(Records provided Opens)

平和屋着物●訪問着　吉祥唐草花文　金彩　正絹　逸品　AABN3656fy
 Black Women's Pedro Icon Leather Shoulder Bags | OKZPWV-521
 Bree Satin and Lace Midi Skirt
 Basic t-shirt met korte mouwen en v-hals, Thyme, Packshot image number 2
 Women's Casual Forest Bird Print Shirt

(Records provided Closes)

Instructions for the task ->
The full set of data above must come back exactly as written.

Solution for this task ->
平和屋着物●訪問着　吉祥唐草花文　金彩　正絹　逸品　AABN3656fy
 Black Women's Pedro Icon Leather Shoulder Bags | OKZPWV-521
 Bree Satin and Lace Midi Skirt
 Basic t-shirt met korte mouwen en v-hals, Thyme, Packshot image number 2
 Women's Casual Forest Bird Print Shirt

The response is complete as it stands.